DESCRIPTION OF THE TASK – Character for character, transcribe the entries below, minus the images.

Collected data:
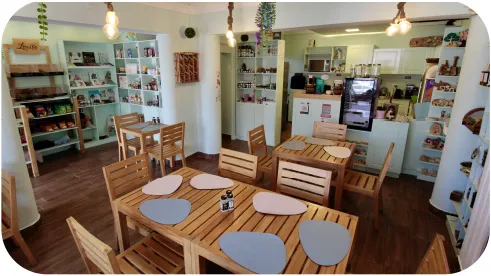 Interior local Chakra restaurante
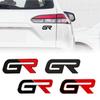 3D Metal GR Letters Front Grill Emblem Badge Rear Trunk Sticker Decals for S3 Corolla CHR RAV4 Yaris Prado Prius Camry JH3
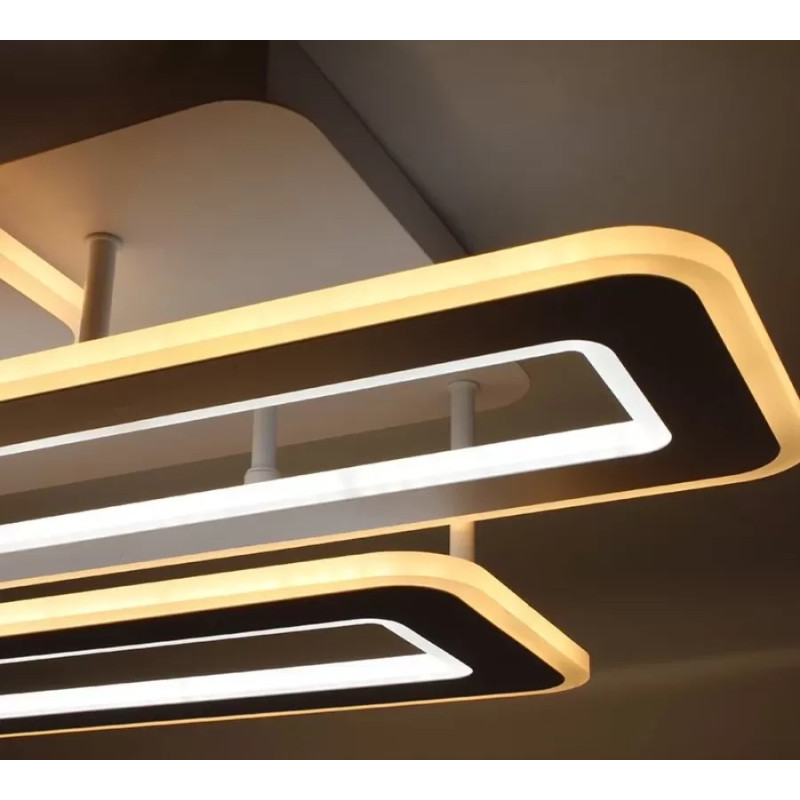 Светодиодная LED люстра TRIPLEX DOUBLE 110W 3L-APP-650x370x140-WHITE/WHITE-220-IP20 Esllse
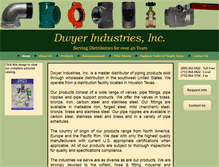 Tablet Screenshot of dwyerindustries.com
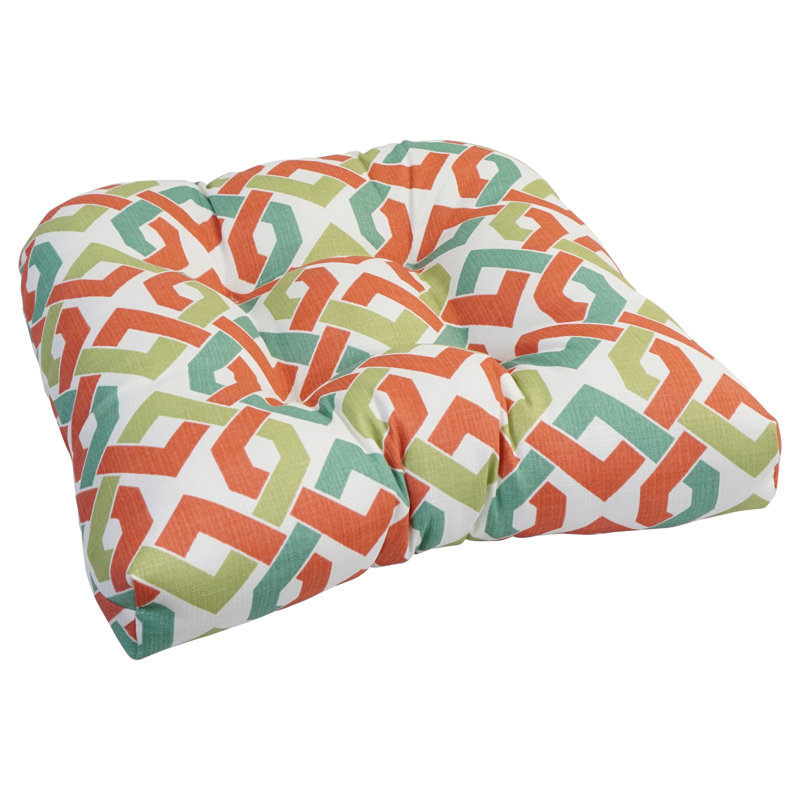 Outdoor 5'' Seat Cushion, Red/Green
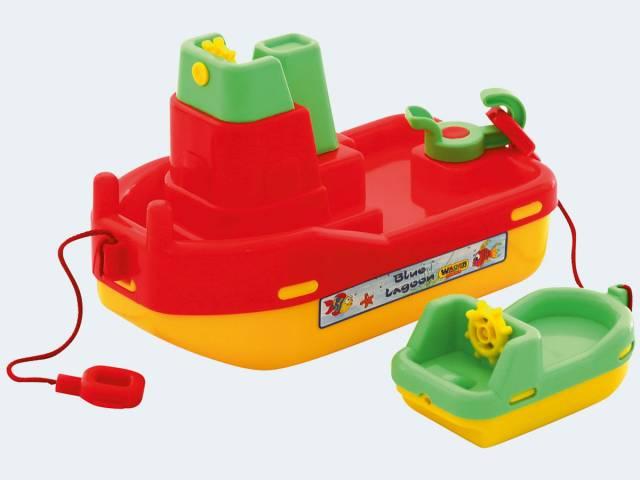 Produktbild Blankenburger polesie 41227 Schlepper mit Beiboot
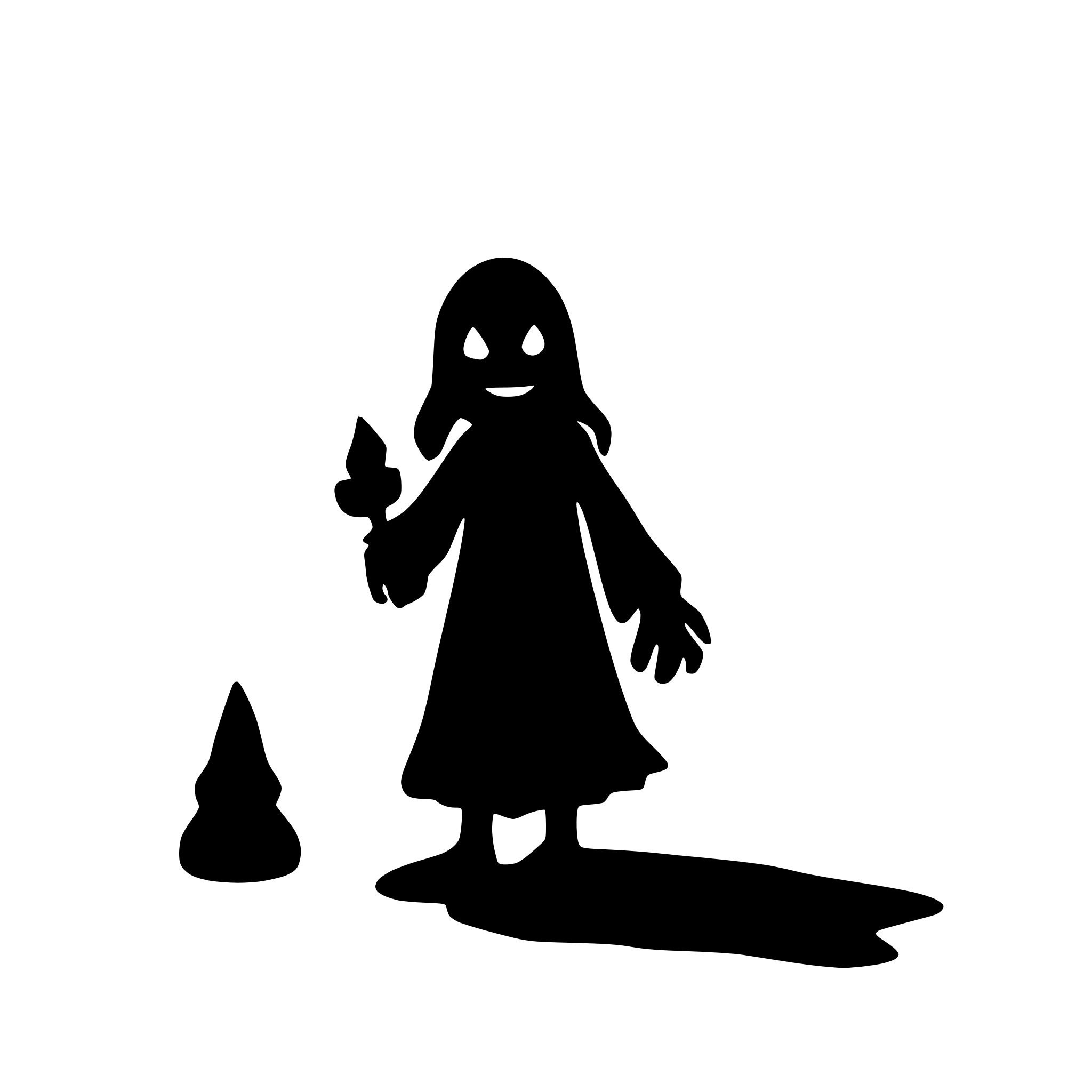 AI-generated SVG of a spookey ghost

EXERCISE SOLUTION –
 Interior local Chakra restaurante
 3D Metal GR Letters Front Grill Emblem Badge Rear Trunk Sticker Decals for S3 Corolla CHR RAV4 Yaris Prado Prius Camry JH3
 Светодиодная LED люстра TRIPLEX DOUBLE 110W 3L-APP-650x370x140-WHITE/WHITE-220-IP20 Esllse
 Tablet Screenshot of dwyerindustries.com
 Outdoor 5'' Seat Cushion, Red/Green
 Produktbild Blankenburger polesie 41227 Schlepper mit Beiboot
 AI-generated SVG of a spookey ghost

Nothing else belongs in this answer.